Know Who’s Accountable For The Board
The best workflow in the world will still fail if no-one’s keeping an eye on it. Assign someone to be in charge of a board, or switch off the duty from week to week. This person can follow up on cards that haven’t moved in a while, and make sure new cards are in the right place.
You can also give this job to Trello—turn on card aging, and any card that hasn’t been edited or moved in the last week will start to fade. This way, you can give responsibility to your team as a whole—if anyone notices a new card, or a faded one, they should take ownership and follow up with that task.
Card aging in Trello: The tan “crinkly paper” cards indicate they have not been edited recently.
As your team gets started with a new Trello board, be sure that someone (or some group of people) is keeping an eye on the board as a whole.

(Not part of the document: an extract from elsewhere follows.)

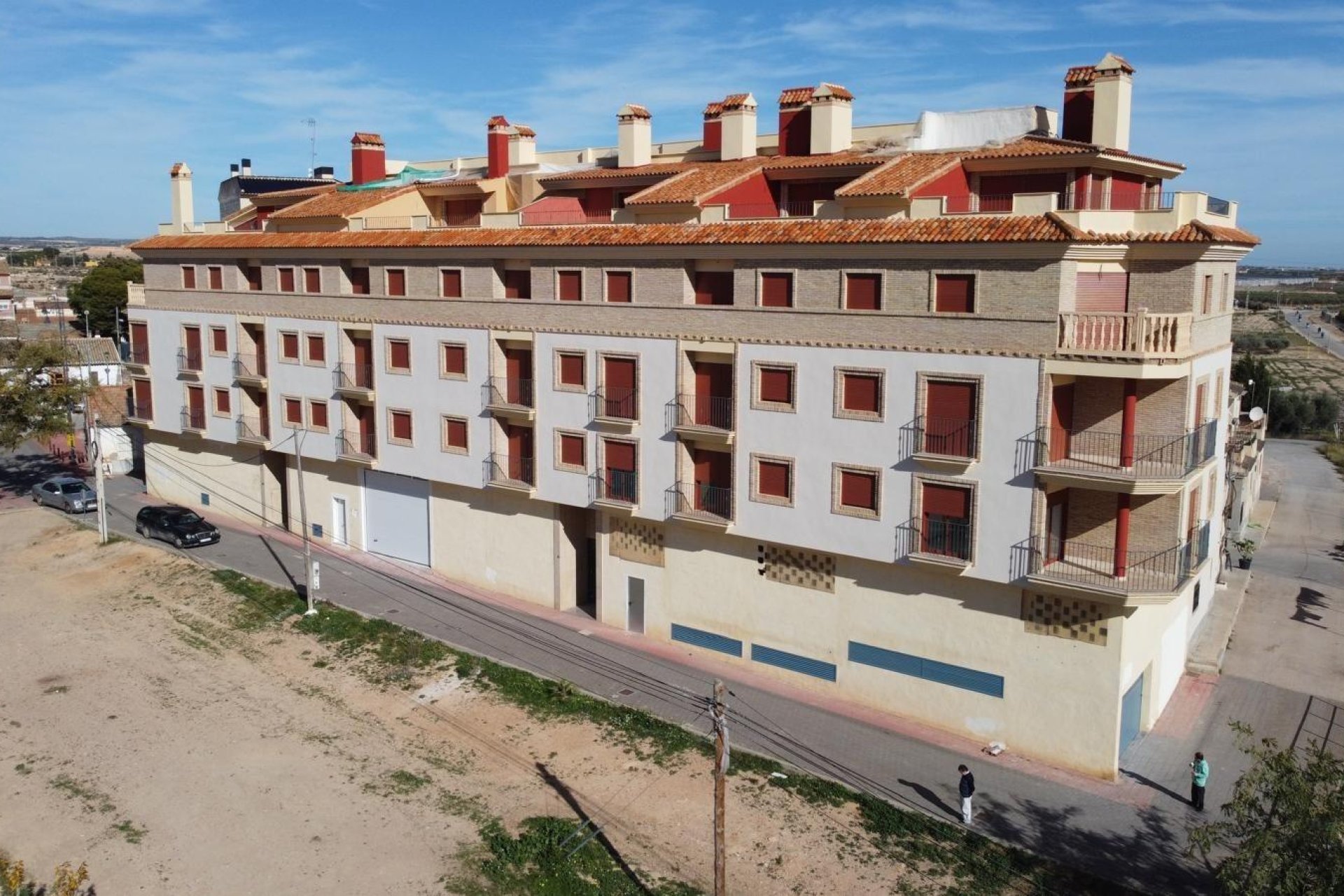 Nouvelle construction - Apartment - Avileses - pueblo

Don’t Let Dead Tasks Sit Around
Don’t let your board become a graveyard for dead cards. Keep things fresh by clearing your ‘Done’ list every week or so. Some teams like to move the list to another board, so they can scroll through everything that was accomplished each week. Other teams archive the cards.
Every card on your board represents something you want to be aware of. Declutter your boards, so you can easily see what matters and what doesn’t. Whether archived or moved, those cards will still be searchable if you need to look something up again.
Adapt Your Board As Processes Change
There’s no need for a board to be perfect on the first try—in fact, it’s a good idea to come up with a basic framework, then tweak it based on what’s best for your team. If a workflow’s not sticking, figure out why. Perhaps there’s no place on the board for blocked tasks, or _maybe_ you need to kick your dirty habit of defaulting back to email.
In particular, don’t be afraid to zoom out or in on a task. Maybe that three-column board can become a card with a checklist. Or, if a card’s getting unwieldy, maybe it’s time for that card to become its own board.
Sometimes a checklist gets so big that it actually needs to become a board:
Your projects keep changing, so what’s wrong with your boards changing to match those priorities?
In the end, the great (and sometimes intimidating) part about Trello is that you can customize it to fit any workflow. You’re not completely on your own, though—the inspiration page is full of examples that have worked for others. Even if there’s not a board that fits your exact situation, you can get creative.
Does your search for the perfect wedding caterer look a lot like a job search? Perhaps foodie finds is organized similarly to your list of fun, local things you’d like to do. And taking a client’s orders for a design follows a pipeline similar to bicycle repair.
Figure out what works for your team. You’ll know you’ve nailed it when you can’t imagine going anywhere else but your board for information.